Analysts and investors are already speculating on AB InBev’s next potential target — with possibilities ranging from spirits company Diageo (DGE.L), unlisted French wine and beer group Castel, which has a large African presence, and Coca-Cola (KO.N).
“We’ve always done it within beer. We don’t believe in going too much outside beer. That makes the likelihood of success in integration higher,” CEO Carlos Brito told the company’s annual meeting.
The comments from Brito suggested that future deals were possible but that candidates were more likely to be drawn from closer to its core business.
AB InBev, which makes Budweiser, Stella Artois and Corona, expects to seal its $100 billion-plus acquisition of SABMiller in the second half of the year.
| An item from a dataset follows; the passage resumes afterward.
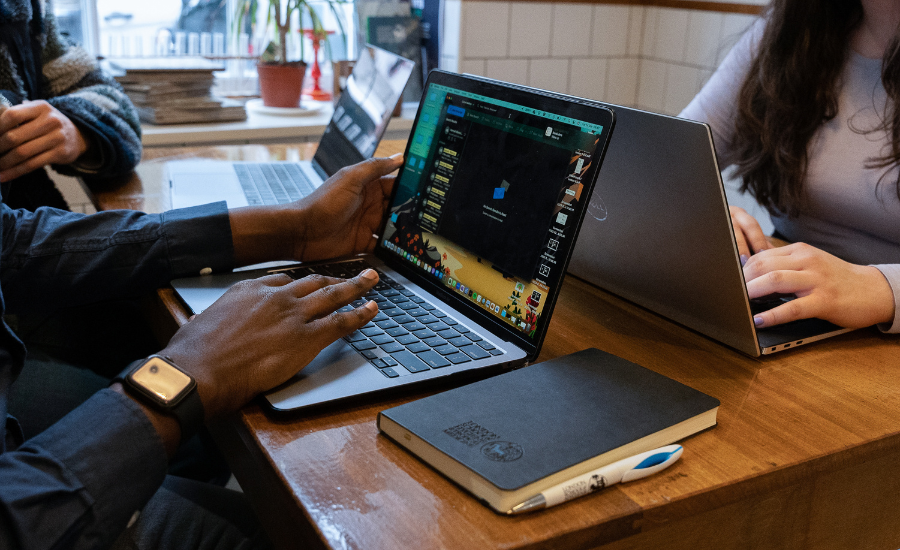 Students using their laptop in a cafe. Students using their laptop in a cafe.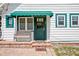 Charming home exterior showcasing a quaint front door and brick paver entry at 257 Huntington Dr, Deland, FL 32724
Speculation about AB InBev’s next move has been strengthened by a six million share option plan for some 65 senior managers, below the executive board, which would be granted if the company’s revenue hit $100 billion in 2020, 2021 or 2022.
AB InBev’s revenue last year was $43.6 billion. With SABMiller, that would be a pro-forma of $55-60 billion, including disposals, leaving a 70-80 percent hike required in a maximum of seven years.
Without further acquisitions, this would be a giant leap, particularly with currency weakness versus the dollar making any expansion this year hard to achieve.
Furthermore, with the creation of InBev in 2004 and its purchase of Anheuser-Busch in 2008, of the rest of Mexico’s Modelo in 2012-2013 and SABMiller now, it has shown it tends to get the major merger bug every four years.
Brito did talk about one clear area of growth in the coming years — low and no alcohol beers. The company has a target that these should make up 20 percent of overall revenue by 2025. It does not say what that percentage is now.
Brito said lower alcohol drinks were among the fastest growing parts of the market, such as in Germany and with the increasing popularity of Radler, typically a mix of beer and lemonade.
“There are a lot of consumer trends going in that direction,” Brito said.
“And the margins are very good because you don’t have the excise tax because it’s non-alcohol. You charge sometimes the same price as beer or higher, depending on how you position the product.”